Stats (Per 100ml): 15 kcal | 3.0g Carbs | 1.8g Sugar
The Taste Test
Smell-wise, that definitive BrewDog aroma is there, but dialled down like Punk IPA’s quieter, less rowdy little brother. You get that hint of citrusy hops, but without the booze-breath intensity.
And here’s the weird bit—it instantly made me think of the seaside. You know those summer days when there’s a salty breeze in the air and, without warning, your brain goes “fish and chips, now”? That’s what this smell does. It’s not that it smells of fish, obviously, but there’s something about it that nudges your memory—sun-warmed seafronts, a bit of sand stuck to your chips, and the unmistakable scent of vinegar wafting from someone else’s newspaper parcel. It’s nostalgia in a can, in a roundabout, hoppy way.
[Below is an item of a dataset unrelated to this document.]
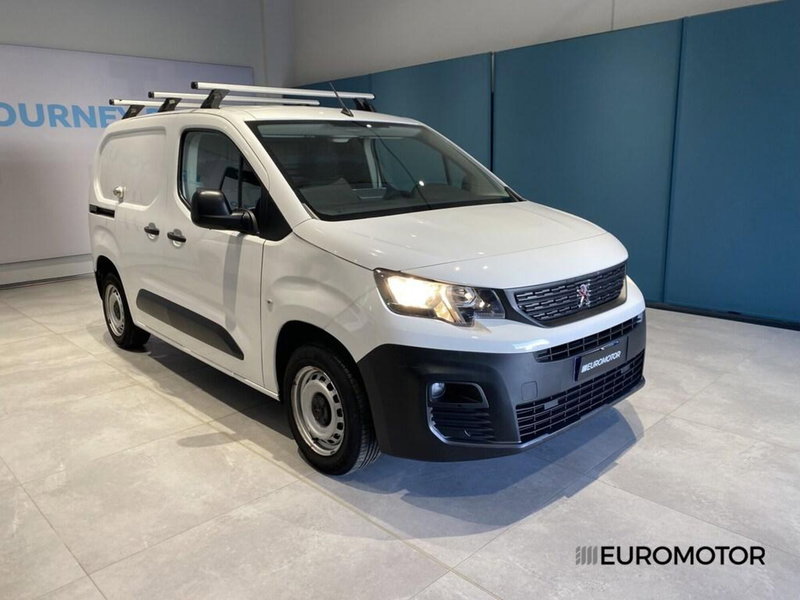 Peugeot Partner Furgone usata a Bari (3)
The first sip of the taste test is alright—clean, light, a bit of fruit and bitterness. Those citrus and pineapple notes show up again, leaving a grapefruit aftertaste.
The Metabolic Reality
But the further down the can you get, the more it falls apart. Like a lot of 0% beers, the ingredients start separating in your mouth. It's exactly like a badly organized school science experiment with a jar of oil and water—the flavours just refuse to mix. You get a flash of citrus, then a watery gap, and then this dry, metallic, gritty finish at the end. You can tell exactly how it was made—they’ve stripped it back and then thrown in a splash of generic concentrate at the end to try and fake the body.
The Verdict
It’s not a total disaster if you just want the ghost of an IPA without the booze, but you definitely know you're drinking a compromise.
Rating: 3.8 / 5
Heineken 0.0
A mainstream juggernaut that completely surprised me.
Stats (Per 100ml): 21 kcal | 4.8g Carbs | 1.3g Sugar
The Taste Test
What really caught me off guard with Heineken 0.0 is how nicely blended it feels. Remember that badly organized school science experiment I just mentioned with the Punk AF? The oil and water refusing to mix? Heineken completely avoids that trap. There’s a light maltiness, just enough sweetness to feel familiar, and a clean, crisp finish that doesn’t hang around too long. No big drama, no flavour clumps fighting each other. It’s smooth and actually feels like one complete drink—not a bunch of separate ingredients pretending to get along.
And here’s the kicker: it doesn’t even taste like regular Heineken. The full-fat Heineken—especially the stuff we get in the UK—has always felt heavy and claggy to me, like you are chewing your way through an 8% can from the corner shop that manages to be both watery and overly sweet at the same time. It’s the pint you order when the other taps have betrayed you.
The Metabolic Reality
It’s brewed from scratch, not just dealcoholised, and they’ve used vacuum distillation to preserve the flavour properly rather than just watering it down and hoping for the best. The downside? That smooth flavor comes at a cost of 4.3 grams of sugar per bottle, sitting right in the middle of our sugar scale.
The Verdict
Crucially, Heineken 0.0 doesn’t leave me wishing I had the alcoholic version in my hand instead. That’s where a lot of these beers fall flat. It’s a decent beer in its own right.
Rating: 4.2 / 5
Guinness 0.0
An iconic stout attempting a legendary vanishing act.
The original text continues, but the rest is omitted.